La coscienza – la nostra esperienza soggettiva del mondo – è uno dei misteri più affascinanti (e difficili) che la scienza sta cercando di comprendere. Decine di teorie cercano di spiegarla, ma testarle in modo rigoroso è una sfida enorme: spesso chi propone una teoria tende a cercare solo conferme, e mancano metodi condivisi per metterle realmente alla prova.
Proprio per affrontare questo problema, un gruppo internazionale di scienziati ha pubblicato su Nature uno studio innovativo. Invece di cercare “la risposta giusta”, hanno provato a costruire un esperimento giusto. Hanno cioè utilizzato una strategia chiamata collaborazione avversariale: i sostenitori di due teorie rivali della coscienza (la Global Neuronal Workspace Theory, GNWT, e la Integrated Information Theory, IIT) hanno lavorato insieme per definire previsioni concrete da testare. Poi, queste previsioni sono state verificate da team indipendenti e neutrali.
Le due teorie fanno ipotesi diverse su quali aree cerebrali siano coinvolte nella percezione cosciente. La IIT punta sulla corteccia posteriore (zone visive, parietali e temporali), mentre la GNWT mette l’accento sulla corteccia prefrontale e su processi di “accensione” neuronale all’inizio e alla fine dello stimolo.
Il risultato? I dati non hanno dato ragione né all’una né all’altra: alcune previsioni sono state confermate, altre no. In particolare, nessuna teoria ha ottenuto un vantaggio netto, e entrambe hanno dovuto confrontarsi con risultati che mettono in discussione alcune delle loro ipotesi centrali.
Un’occasione educativa per parlare di scienza (vera)

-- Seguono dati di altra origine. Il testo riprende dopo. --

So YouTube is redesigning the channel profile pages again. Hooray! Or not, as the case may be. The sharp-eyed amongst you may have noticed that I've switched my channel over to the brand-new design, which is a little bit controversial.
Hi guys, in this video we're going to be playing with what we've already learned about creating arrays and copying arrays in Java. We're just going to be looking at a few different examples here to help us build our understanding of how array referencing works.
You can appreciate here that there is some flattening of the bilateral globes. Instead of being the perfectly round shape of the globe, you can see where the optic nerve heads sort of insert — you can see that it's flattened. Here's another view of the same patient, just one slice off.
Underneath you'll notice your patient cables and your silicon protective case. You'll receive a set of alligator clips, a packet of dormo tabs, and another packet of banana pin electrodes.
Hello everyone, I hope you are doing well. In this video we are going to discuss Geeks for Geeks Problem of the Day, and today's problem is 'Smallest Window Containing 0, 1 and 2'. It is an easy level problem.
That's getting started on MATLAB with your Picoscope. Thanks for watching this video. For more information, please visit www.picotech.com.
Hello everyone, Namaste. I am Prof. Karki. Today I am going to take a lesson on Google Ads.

Anche se lo studio non ha risolto il mistero della coscienza, rappresenta una lezione preziosa sul metodo scientifico, che può essere utilissima anche in classe. Ecco alcuni spunti chiave da condividere con gli studenti:
- La scienza non è fatta di certezze assolute, ma di domande complesse.

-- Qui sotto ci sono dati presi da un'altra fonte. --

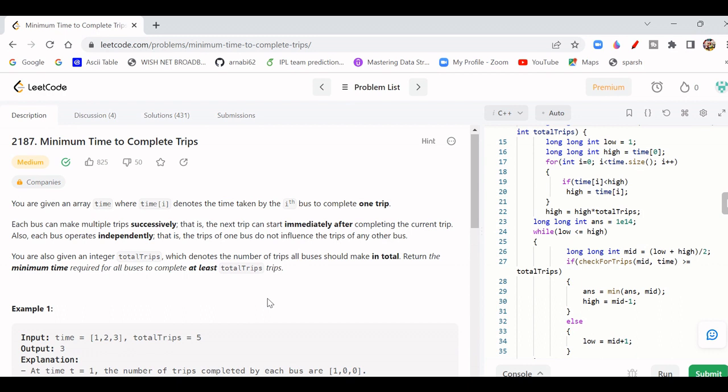We are given a time array and a total number of trips that we need to complete, and we need to find the minimum time required by the buses. The time array contains a list of buses, and each bus takes a certain amount of time to complete one trip. These buses are independent — bus 1 does not depend on bus 2. So all bus timings are independent, and we need to figure out the minimum time required.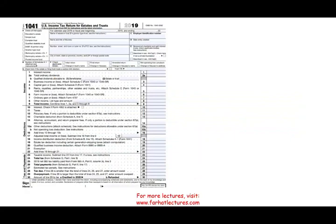Now let's look at the taxable portion — Form 1041. It looks like an income statement with an income section and a deduction section. The income section includes interest, ordinary dividends, qualified dividends, business income, capital gains, farm income, ordinary income, and other income. Notice there are no wages, because the trust does not work — its assets generate income through interest, dividends, and so forth.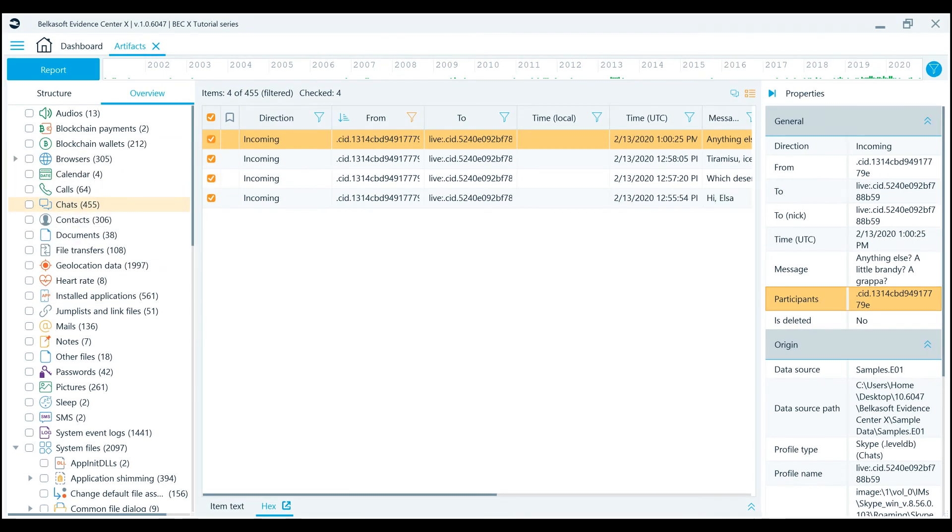BelkaX makes your investigations quicker, easier, more comprehensive, and more effective. Download your free trial today at belkasoft.com/trial.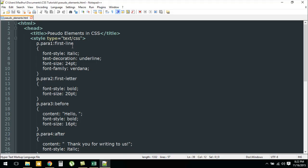I have written first-line, so whatever rules you see within the curly braces are going to be applied only on the first line of the paragraph that has the class para1. Similarly, for the second paragraph class para2, I have used the pseudo element first-letter, so the rules within the curly braces are going to be applied only to the first letter of the paragraph.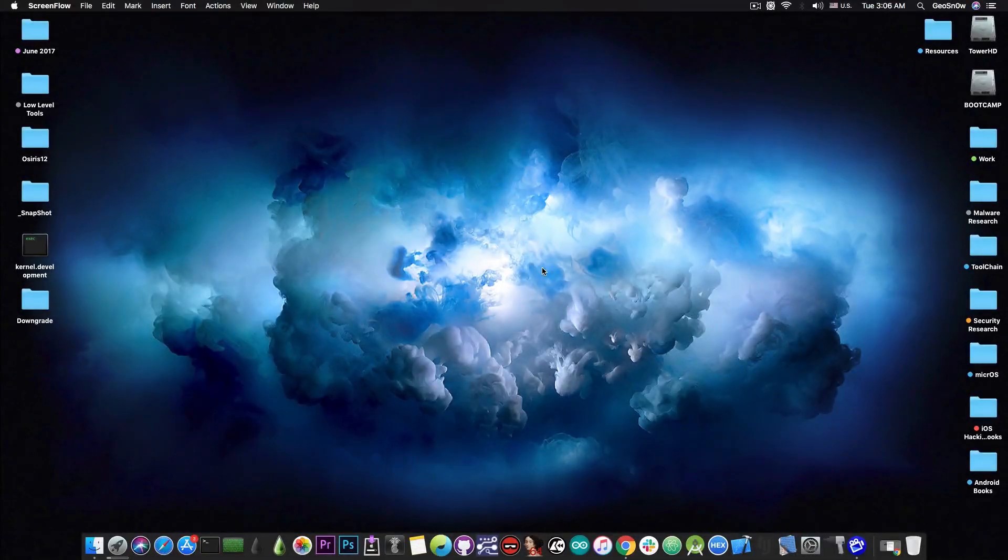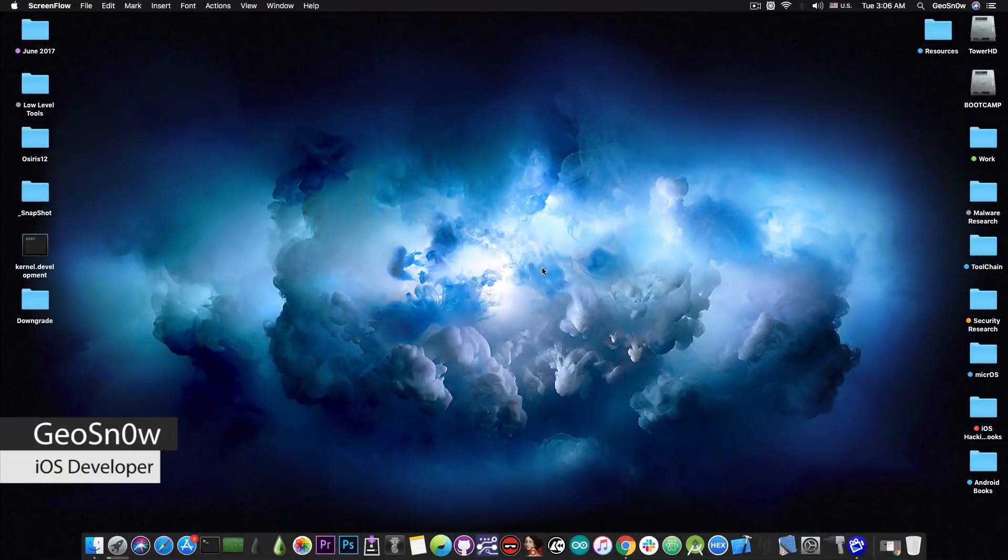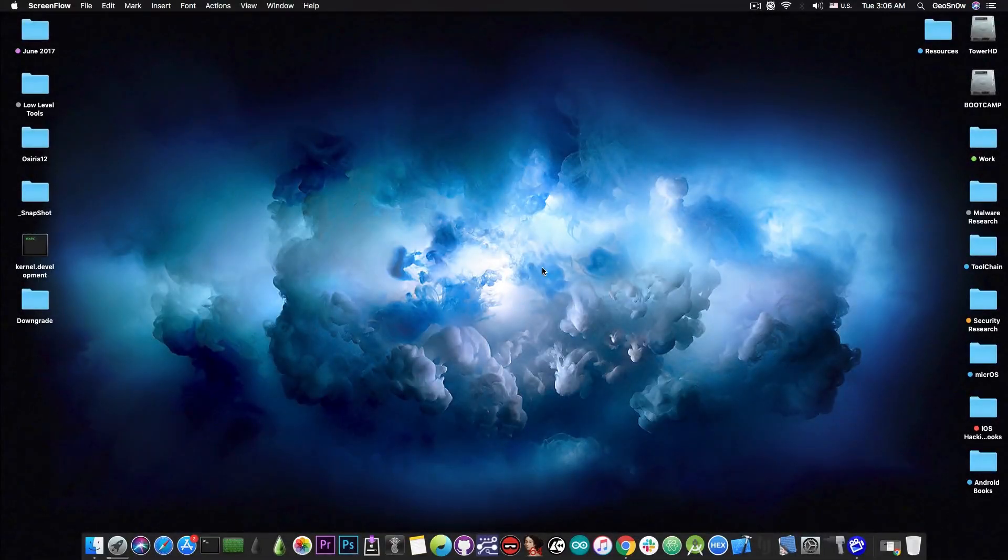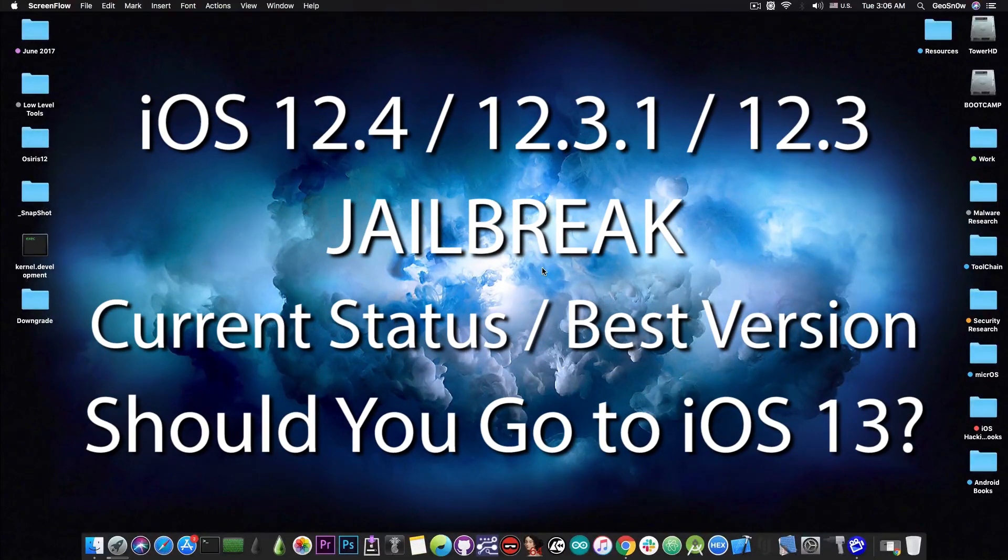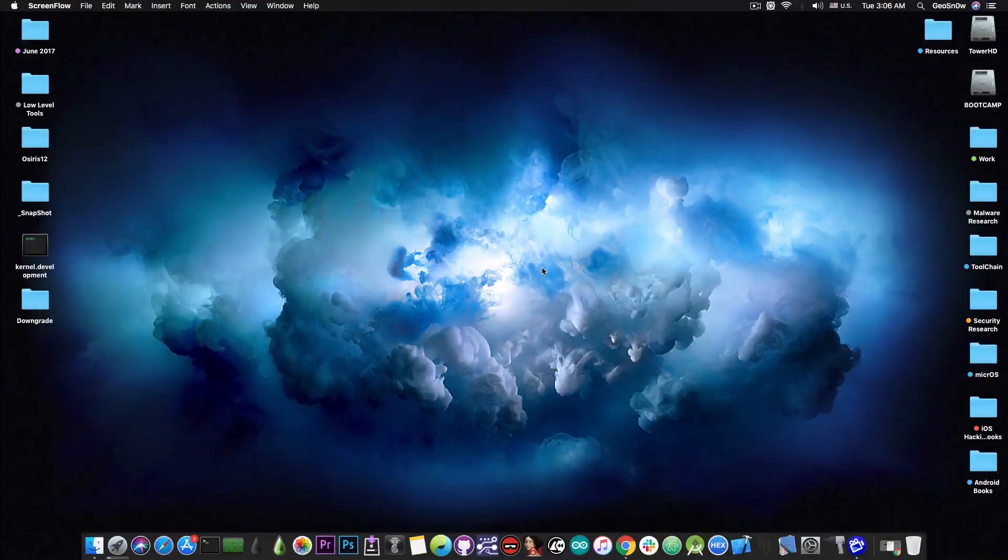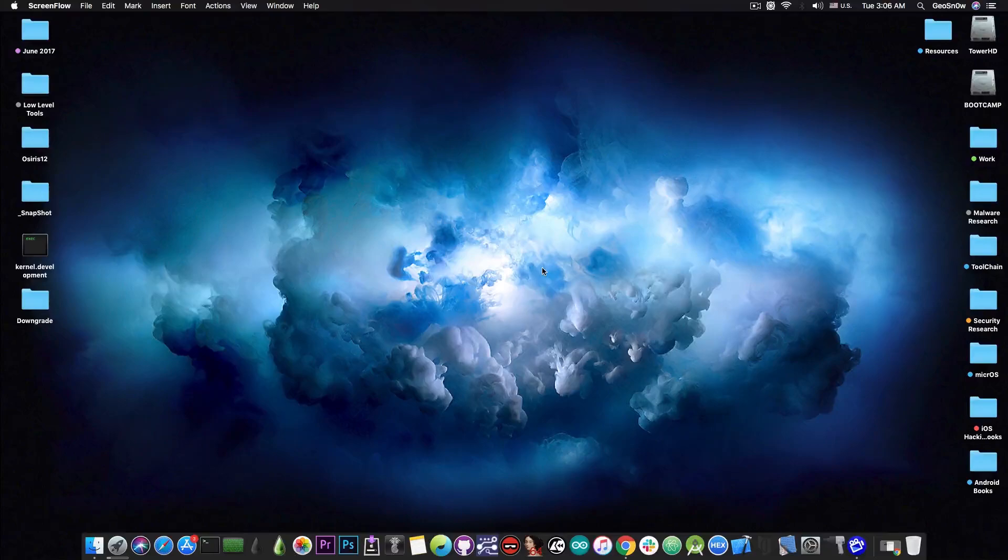What's going on YouTube? GSNorite here. So in today's video we're discussing the current status of the iOS 12.3, 12.3.1, and of course 12.4 and iOS 13 jailbreak. We're going to also answer the question: should you update to iOS 13 or stay on iOS 12 something for a jailbreak?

- Le teorie possono coesistere, finché non ci sono dati abbastanza forti da sceglierne una.
- La metodologia conta più dei risultati. È il come si fa ricerca che permette di distinguere tra buone e cattive scienze.
- Il dialogo tra punti di vista opposti è essenziale. Questo studio è un esempio concreto di collaborazione tra “rivali” per cercare la verità, non per “vincere”.
- Accettare l’ambiguità è parte del pensiero scientifico. Non sempre i dati confermano una teoria in modo netto, ma ogni passo aiuta a capire meglio il problema.
Perché portare questo in classe?
Usare storie come questa può aiutare gli studenti a capire la scienza come processo, non come elenco di fatti. È anche un’ottima occasione per allenare il pensiero critico: si può discutere di bias, di metodo sperimentale, di interpretazione dei dati, e di come la collaborazione possa superare le convinzioni personali.